▶ _YOUR GOAL_
Look through the data below and extract, unchanged, the lines from the one that contains "ROBUST MULTI-ENZYME PREPARATION" to the one that contains "HTR3A Polyclonal Antibody", both included.

▶ _EXERCISE DATA_
+-------+

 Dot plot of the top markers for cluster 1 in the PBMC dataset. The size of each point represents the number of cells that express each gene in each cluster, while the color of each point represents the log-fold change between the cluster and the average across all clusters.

+-------+

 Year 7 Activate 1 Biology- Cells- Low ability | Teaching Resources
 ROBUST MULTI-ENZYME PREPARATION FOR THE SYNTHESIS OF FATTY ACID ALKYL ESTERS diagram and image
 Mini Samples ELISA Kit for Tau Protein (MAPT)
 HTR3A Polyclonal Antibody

+-------+

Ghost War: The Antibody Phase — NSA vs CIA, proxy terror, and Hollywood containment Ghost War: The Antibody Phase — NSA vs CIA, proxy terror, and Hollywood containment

+-------+

▶ _SOLUTION FOR THIS EXERCISE_
 ROBUST MULTI-ENZYME PREPARATION FOR THE SYNTHESIS OF FATTY ACID ALKYL ESTERS diagram and image
 Mini Samples ELISA Kit for Tau Protein (MAPT)
 HTR3A Polyclonal Antibody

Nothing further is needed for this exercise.